Re: Making KASAN compatible with VMAP_STACK

From: Dmitry Vyukov
Date: Mon Jul 23 2018 - 07:56:13 EST


On Mon, Jul 23, 2018 at 1:18 PM, Mark Rutland <mark.rutland@xxxxxxx> wrote:
> On Mon, Jul 23, 2018 at 09:40:36AM +0200, Dmitry Vyukov wrote:
>> On Sun, Jul 22, 2018 at 7:52 PM, Andy Lutomirski <luto@xxxxxxxxxx> wrote:
>> > Hi all-
>> >
>> > It would be really nice to make KASAN compatible with VMAP_STACK.
>> > Both are valuable memory debugging features, and the fact that you
>> > can't use both is disappointing.
>> >
>> > As far as I know, there are only two problems:
>> >
>> > 1. The KASAN shadow population code is a mess, and adding *anything*
>> > to the KASAN shadow requires magical, fragile incantations. It should
>> > be cleaned up so that ranges can be easily populated without needing
>> > to very carefully align things, call helpers in the right order, etc.
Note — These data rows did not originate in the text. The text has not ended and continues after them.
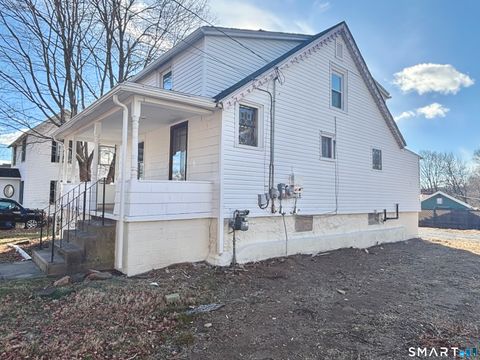 Tiny photo for 336 Reservoir Avenue, Meriden, CT 06451 (MLS # 24145153)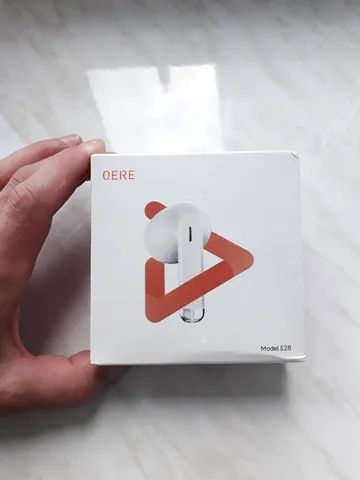 Fone Bluetooth QERE E28 TWS COM CANCELAMENTO DE RUÍDOS - Foto 2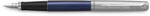 Parker Töltőtoll Royal kék test, ezüst klipsz 2030950 Parker Royal Jotter (7040315003) - iroda-ellatas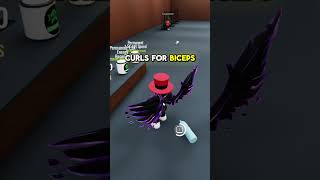 cool gym game beginners guide roblox (cutting, bulking, get money fast, stamina, get big fast)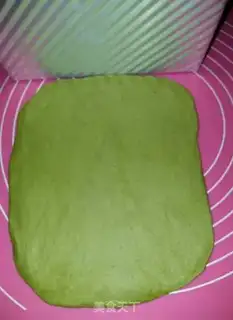 Make Three-colour double toast step 15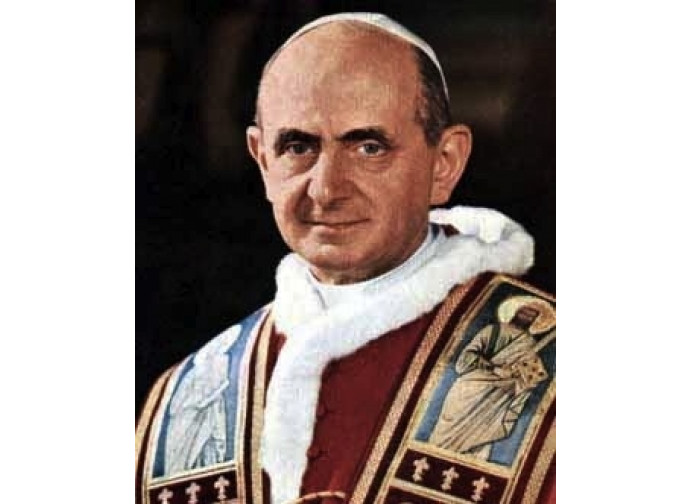 Papa Paolo VI Papa Paolo VI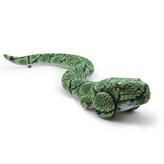 일상다많사 반디 아쿠아스네이크 모형 파충류 동물완구 어린이집 로봇뱀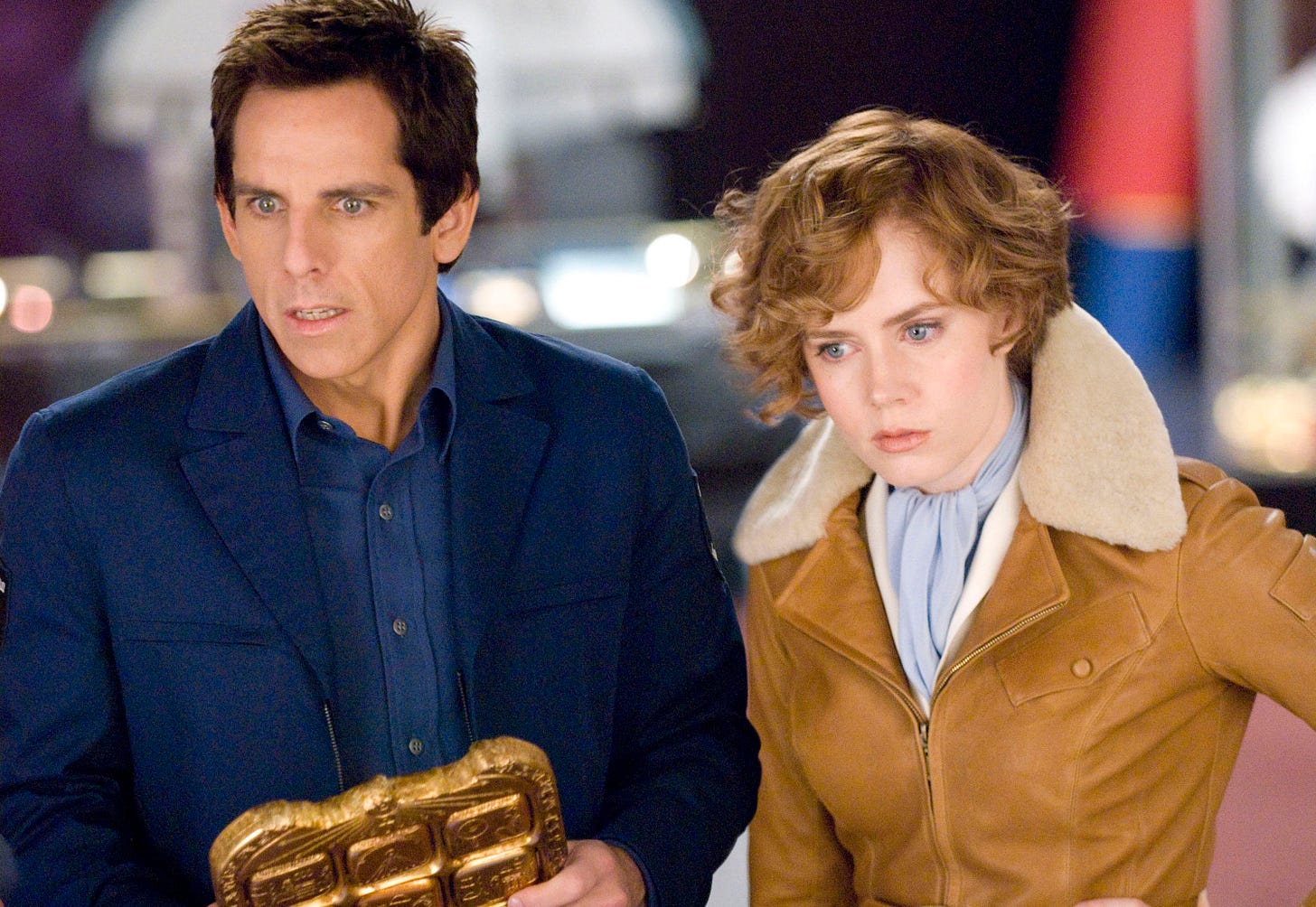 Amy Adams taking flight | The Spokesman-Review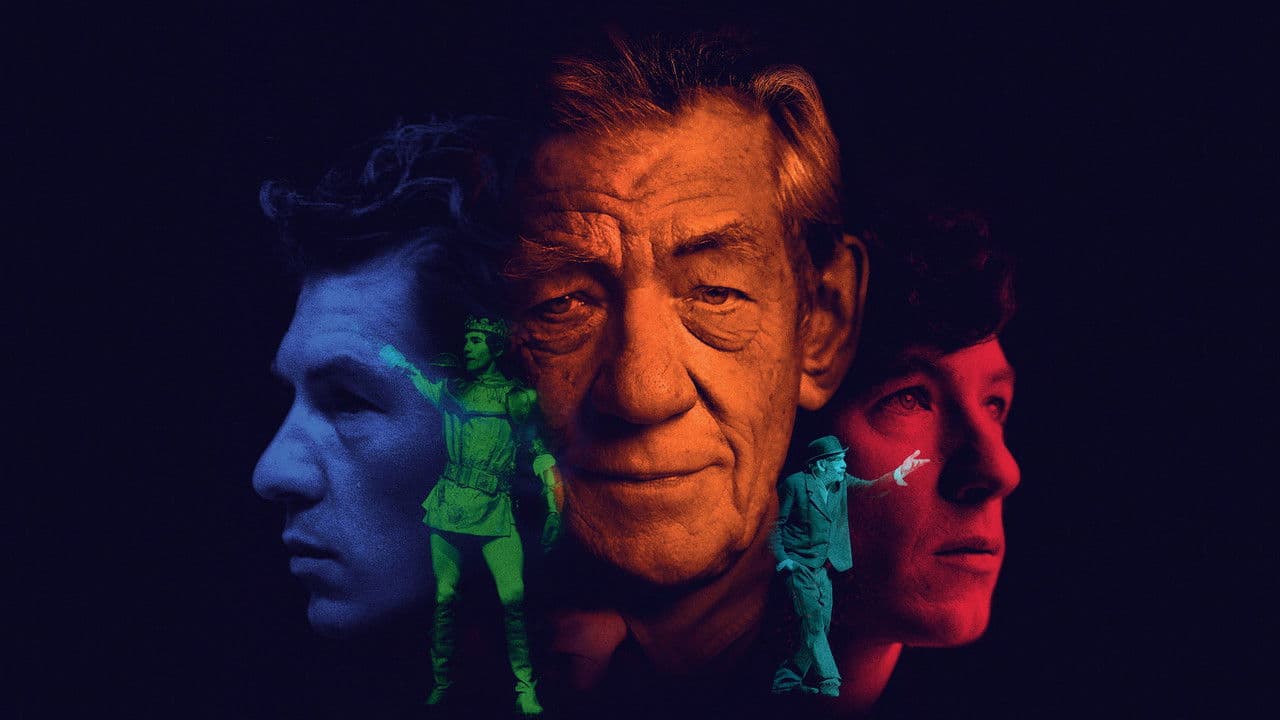Backdrop – McKellen: Playing the Part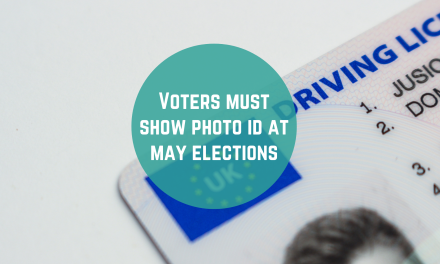 Voters must show photo ID at May local elections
>> > The core KASAN code should figure it out by itself.
>> >
>> > 2. The vmalloc area is potentially extremely large. It might be
>> > necessary to have a way to *depopulate* shadow space when stacks get
>> > freed or, more generally, when vmap areas are freed. Ideally KASAN
>> > would integrate with the core vmalloc/vmap code and it would Just Work
>> > (tm). And, as a bonus, we'd get proper KASAN protection of vmalloced
>> > memory.
>> >
>> > Any volunteers to fix this?
>>
>> Hi Andy,
>>
>> I understand that having most configs as orthogonal settings that can
>> be enabled independently is generally good in intself, but I would
>> like to understand what does VMAP_STACK add on top of KASAN in terms
>> of debugging capabilities?
>
> VMAP_STACK makes it possible to detect stack overflows reliably at the
> point of overflow.
>
> KASAN can't handle this reliably, even if it detects that an access is
> out of the stack bounds, since handling this requires stack space.
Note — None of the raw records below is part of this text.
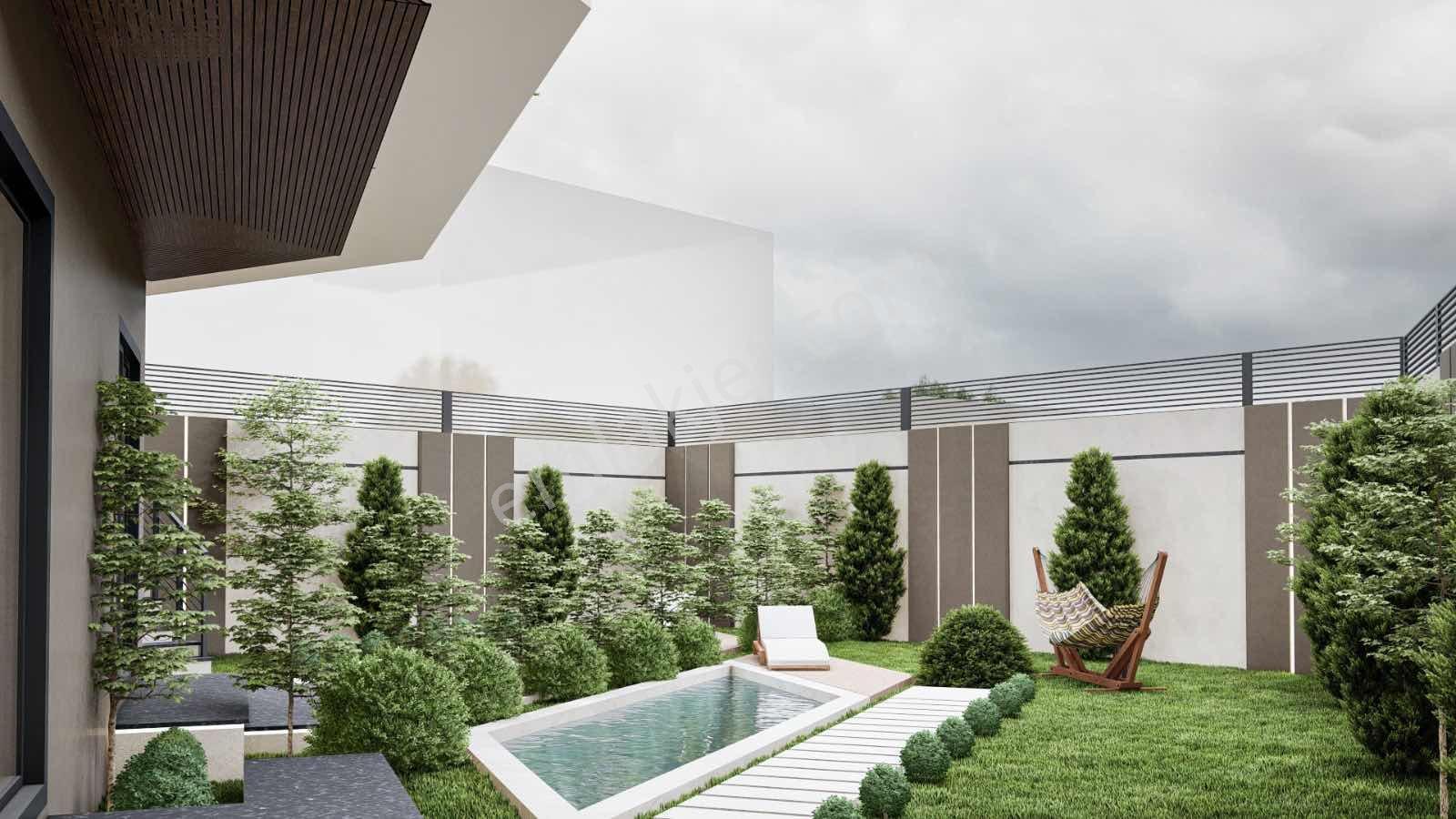 Mersin Erdemli Lemasta Denize 1km Mesafade 777 M İmarlı Arsa - Görsel 5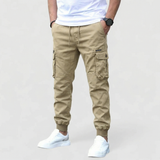 Janosch™ | Cargohose mit dezenten Taschen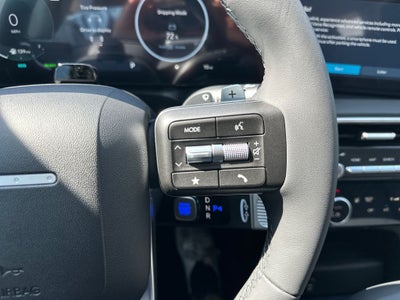 2027 Hyundai PALISADE HYBRID BLUE 8P SEL
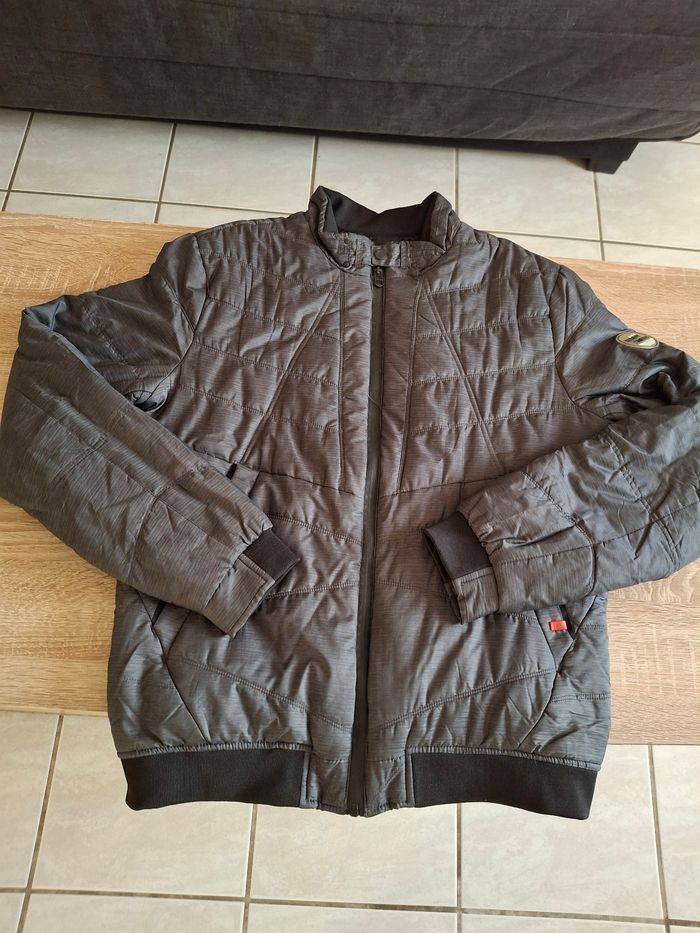 Blouson teddy Smith tl - photo numéro 5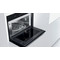 Whirlpool Микровълнова Вграден W7 MD540 Неръждаема стомана Електронно 31 МВ+функция за грил 1000 Frontal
> Depending on a number of factors, this may be reported, might result in
> recursive exceptions, etc.

Interesting. Does VMAP_STACK detect task_struct smashing today? As far
as I remember, the first version didn't.
As an orthogonal measure we could add KASAN redzone between stack and
task_struct, and make KASAN instrumentation detect when the new frame
hits this redzone. We bump stack order under KASAN significantly, so
adding, say 128 byte redzone should not be a problem. Does it make any
sense?